Um resgate da infância
Carlos Alberto da Cunha Flores, conhecido por Kalu, pode ser encontrado nas oficinas de artesanato e também nas feiras da cidade. Afinal, quem nunca experimentou as cocadas de maracujá, quebra-queixo e tantas outras? O educador é um dos mais novos moradores da Vila Belga. Seu pai fazia chapeamento dos trens. Embora não tenha morado quando pequeno no conjunto residencial, minutos de conversa revelam uma adolescência e juventude que tem a Avenida Rio Branco como cenário. O avô foi fundador da biblioteca da Vila Belga e os estudantes se encontravam ao redor da estação ferroviária para viajarem de trem. Kalu conta a vantagem da época: “ Eu não pagava passagem porque meu pai trabalhava para a Viação Férrea.” Para ele, morar na Vila Belga hoje é um resgate da infância e muitas histórias que passam pelo baile no clube, passeata dos ferroviários na Avenida Rio Branco e até mesmo a ditadura. Kalu acredita que o poder público deveria envolver-se mais com a denominação “patrimônio histórico” e não deixar apenas nas mãos dos moradores. “Os caminhões estão recolhendo lixo”. A afirmação do morador diverge das placas que são encontradas nas ruas (foto ao lado).

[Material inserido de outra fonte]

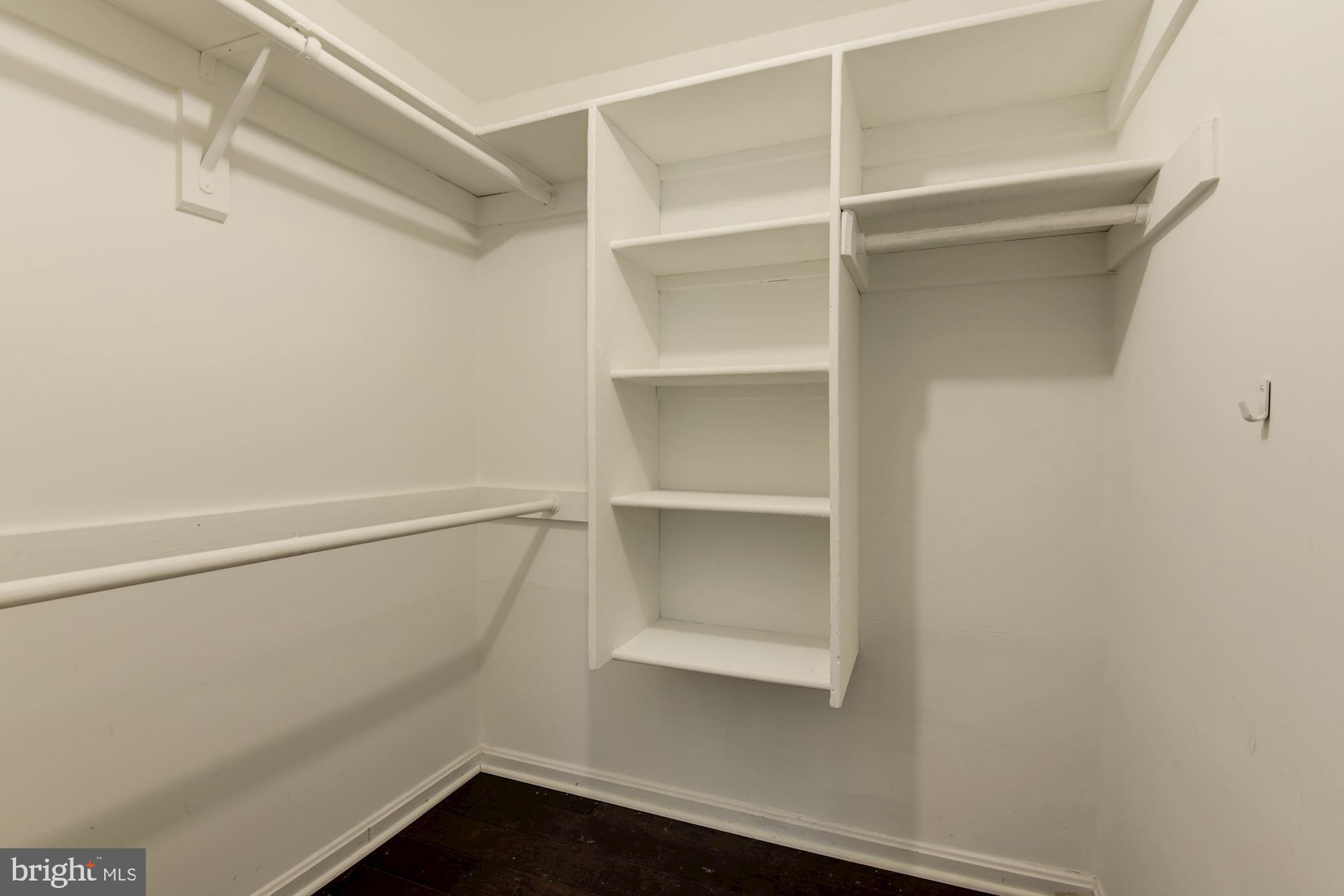 4525 28th Road South, Unit 35 Arlington, VA 22206 - Photo 18 of 27 Gallery Image 18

Descaso surpreende visitante
O neto e filho de ferroviário, Jean Kalel tem 24 anos e nasceu na Vila Belga. Atualmente, o garçom reside em Florianópolis e costuma visitar os familiares todos os anos. Ele se mostra indignado com o declínio da preservação estética do patrimônio histórico. “ Cada vez que eu venho está pior e o pessoal não cuida.” Os parentes de Jean moram na rua que tem o mais difícil acesso e no mesmo lugar onde estava prevista a construção de um calçadão.
A mobilização social e a comunidade
Valmir Francisco Tavares Borges é presidente da Associação do Moradores Ferroviários da Vila Belga desde janeiro de 2010 e mora em uma das casas do patrimônio histórico há cerca de dez anos. Borges ingressou na Viação Férrea aos catorze anos como aluno aprendiz e trabalhou ao total trinta anos passando pelas funções de telegrafista, maquinista e controlista. O ferroviário ressalta que os moradores pagavam uma taxa de seis por cento de seus salários para a conservação das moradias. Quando era necessária algum ajuste ou reparo nas casas, a própria companhia , que era dona das residências disponibilizava a mão-de-obra. Uma das lutas do presidente é pela liberação da área de esportes da Associação dos Empregados da Viação Férrea. A área social e esportiva foi interditada pelos bombeiros pela inadequação às normas de segurança necessárias. Borges argumenta para que uma nova vistoria seja feita para que uma possível liberação aconteça somente na área de esportes. Conforme o ferroviário aposentado está sendo montada uma biblioteca. Já foram arrecadados 150 exemplares com apoio dos moradores.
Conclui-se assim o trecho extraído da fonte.